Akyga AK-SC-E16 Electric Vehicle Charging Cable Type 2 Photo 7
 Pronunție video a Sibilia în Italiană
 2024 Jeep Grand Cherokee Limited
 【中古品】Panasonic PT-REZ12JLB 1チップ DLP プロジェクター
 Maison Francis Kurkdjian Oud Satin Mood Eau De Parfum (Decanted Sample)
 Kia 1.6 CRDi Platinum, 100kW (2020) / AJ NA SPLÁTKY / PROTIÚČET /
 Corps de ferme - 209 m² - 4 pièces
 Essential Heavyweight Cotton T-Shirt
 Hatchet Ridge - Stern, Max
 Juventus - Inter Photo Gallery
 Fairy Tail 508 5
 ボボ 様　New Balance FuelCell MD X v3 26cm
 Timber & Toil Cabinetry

━━━━━━━━

▸ Assigned task: From the entries, report every line in which the string "Photo" occurs.

▸ Result:
Akyga AK-SC-E16 Electric Vehicle Charging Cable Type 2 Photo 7
 Juventus - Inter Photo Gallery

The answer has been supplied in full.